If a line $\lambda^{\prime}$ is disjoint from $B_{\Phi}$, then $(\sigma_{\lambda}\cdot\sigma_{\lambda^{\prime}})_{B_{\Phi}}=(\sigma_{\lambda} \cdot\varkappa_{\lambda^{\prime}})_{B_{\Phi}}\geq 6$. On the other hand, two different conics either share a line component or intersect by at most 4 points, counting multiplicities. It follows that all conics $\sigma_{\lambda}$ share a line component $\lambda_{0}$, in particular, all $\sigma_{\lambda}$ have a point $a\notin B_{\Phi}$ in common. Then, for every line $\lambda\subset\mathbb{P}^{2}$, the plane $P_{\lambda}$ containing the image of $\lambda$ contains also $\Phi(a)$, which means that $\Phi$ must be cotrivial.
The same proof by contradiction works for the case of degree 2. $\square$
Proof of Proposition 3.8.
Assume the contrary: there is a component $K$ of $J_{\Phi}$ that has dimension one. By Proposition 3.5, the image $\Phi(K)$ is a plane curve. Consider the following cases.

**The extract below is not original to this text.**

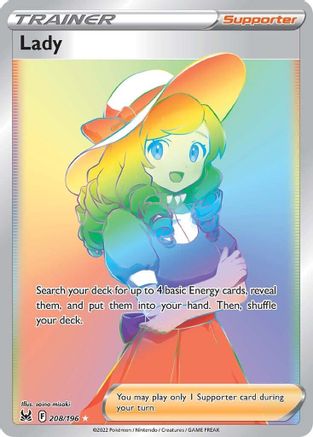 Lady (Secret) 208/196/196 - Secret Rare - Holofoil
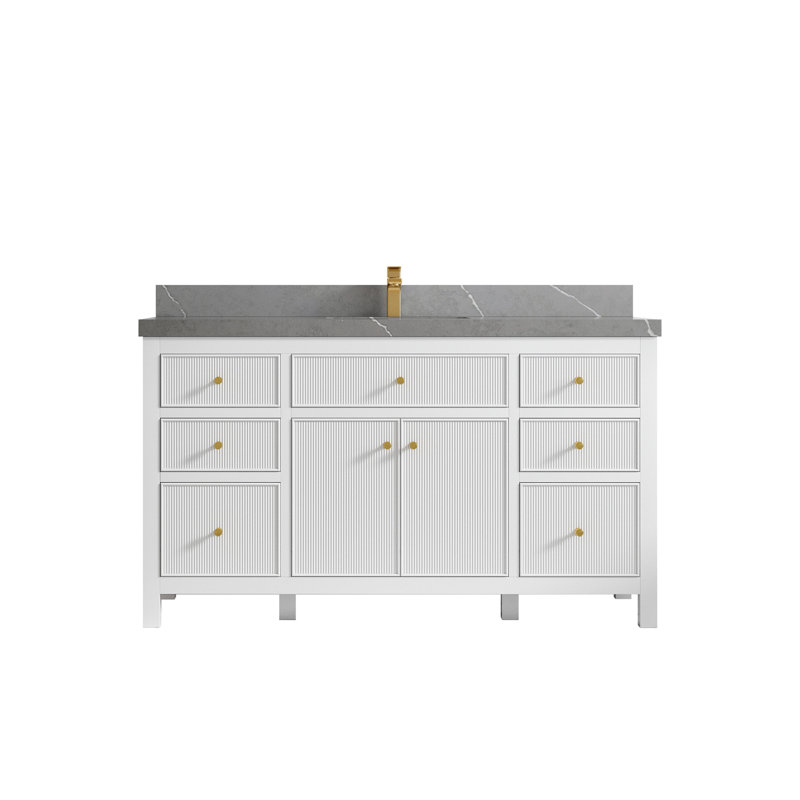 60'' Single Bathroom Vanity with Quartz Top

First, suppose that neither $K$ nor $\Phi(K)$ is a subset of a line. We will write $P$ for the plane containing $\Phi(K)$. By the Corollary 3.7, the image of a generic line $\lambda\subset\mathbb{P}^{2}$ under the map $\Phi$ is tangent to $\Phi(K)$ at two or more points. Moreover, we may assume that the tangent lines of $\Phi(K)$ at these points do not coincide and therefore define a unique plane. It follows that $P_{\lambda}=P$. Since $\lambda$ is generic, this implies that $\Phi$ is trivial and hence cotrivial, a contradiction.
Second, suppose now that $\Phi(K)$ lies in a line $L\subset\mathbb{P}^{3}$. Then, since, for a generic line $\lambda\subset\mathbb{P}^{2}$, the curve $\Phi(\lambda)$ is tangent to $\Phi(K)$, the plane $P_{\lambda}$ must contain $L$. It follows that $\Phi$ is cotrivial, a contradiction.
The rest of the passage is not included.